All lines from the one containing "Name or home follower Crossword Clue" down to the one containing "The Chua Lectures: From", both ends included, are to be given again exactly; omit the rest of the listing below.

§ Data provided

========

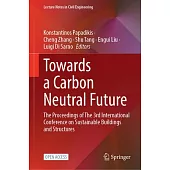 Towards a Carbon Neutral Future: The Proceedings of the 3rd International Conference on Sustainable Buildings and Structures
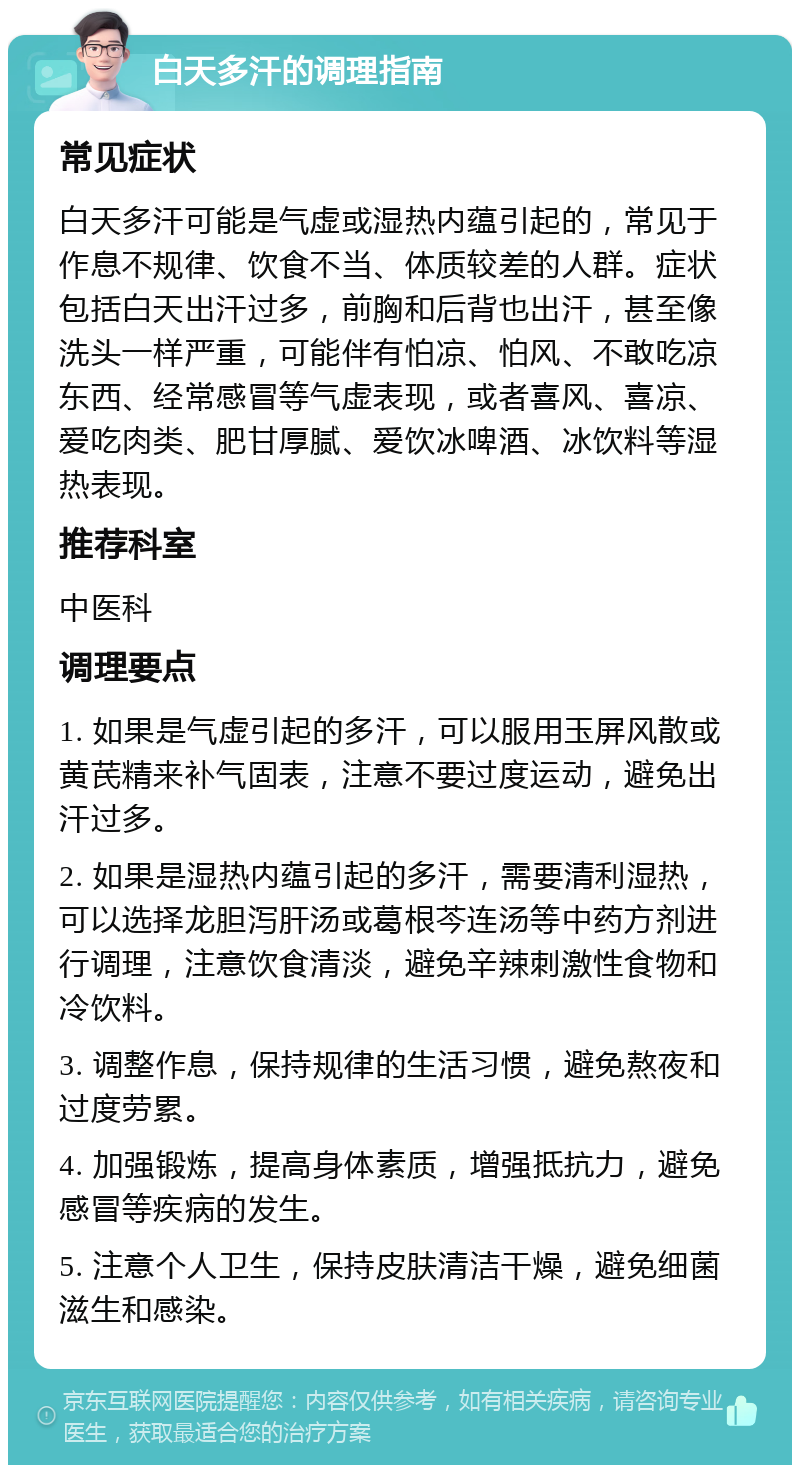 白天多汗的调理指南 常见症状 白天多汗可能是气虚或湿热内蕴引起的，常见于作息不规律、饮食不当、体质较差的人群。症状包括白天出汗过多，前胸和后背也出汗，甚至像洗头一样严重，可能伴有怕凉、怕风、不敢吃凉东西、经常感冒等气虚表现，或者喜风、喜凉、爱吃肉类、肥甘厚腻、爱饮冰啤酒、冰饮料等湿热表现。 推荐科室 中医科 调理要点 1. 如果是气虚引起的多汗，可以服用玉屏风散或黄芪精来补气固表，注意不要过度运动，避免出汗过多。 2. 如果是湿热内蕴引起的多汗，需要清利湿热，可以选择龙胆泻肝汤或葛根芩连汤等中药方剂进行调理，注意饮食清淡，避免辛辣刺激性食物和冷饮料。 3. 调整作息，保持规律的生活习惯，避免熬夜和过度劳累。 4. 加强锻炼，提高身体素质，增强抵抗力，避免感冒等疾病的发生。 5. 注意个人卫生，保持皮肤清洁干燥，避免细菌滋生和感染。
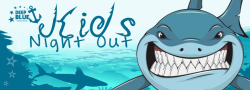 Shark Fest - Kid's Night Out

========

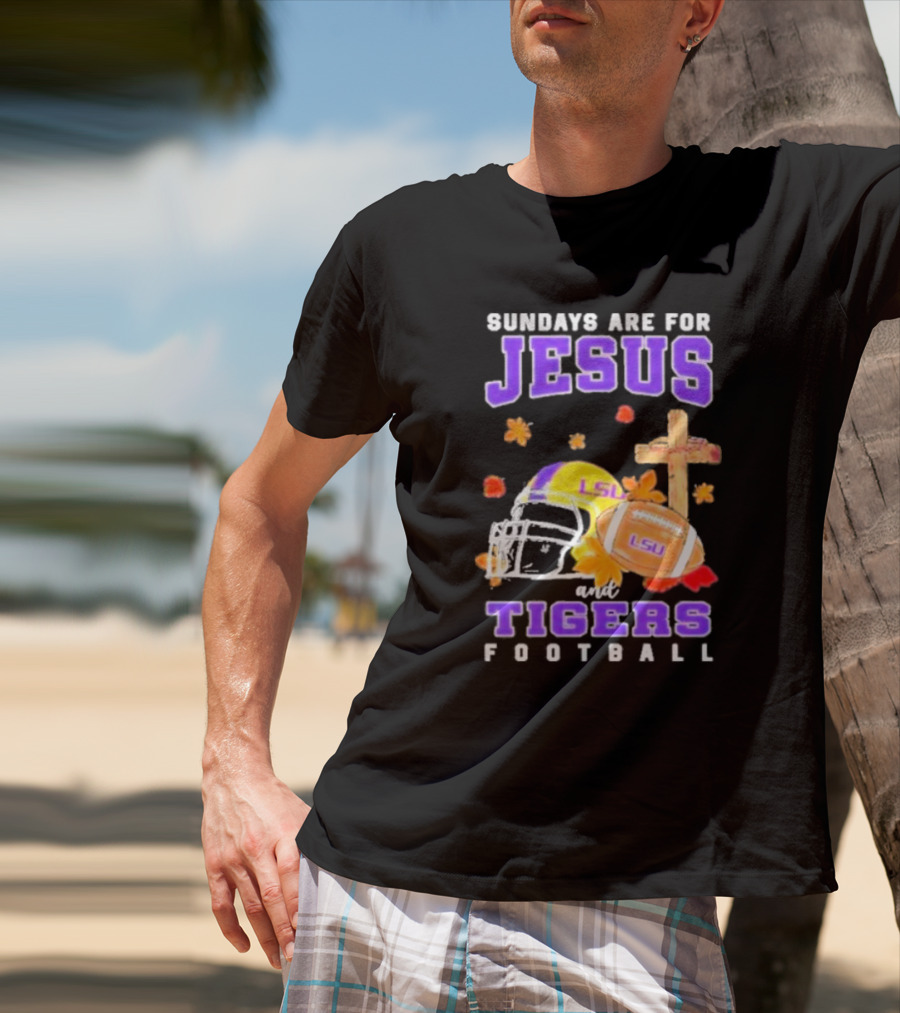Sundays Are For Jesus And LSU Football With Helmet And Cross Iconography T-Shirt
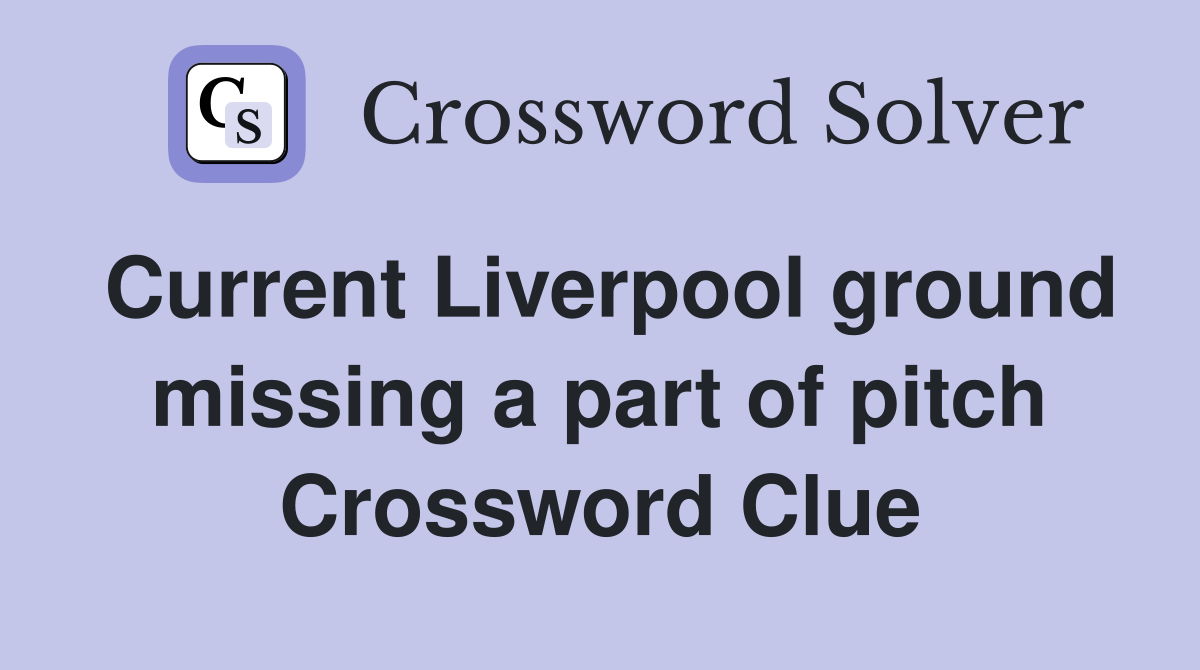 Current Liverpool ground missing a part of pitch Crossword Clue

========

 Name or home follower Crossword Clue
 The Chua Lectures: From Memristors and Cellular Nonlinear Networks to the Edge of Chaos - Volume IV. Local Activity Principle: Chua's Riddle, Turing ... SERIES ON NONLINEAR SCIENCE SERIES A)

========

§ Exercise answer
 Name or home follower Crossword Clue
 The Chua Lectures: From Memristors and Cellular Nonlinear Networks to the Edge of Chaos - Volume IV. Local Activity Principle: Chua's Riddle, Turing ... SERIES ON NONLINEAR SCIENCE SERIES A)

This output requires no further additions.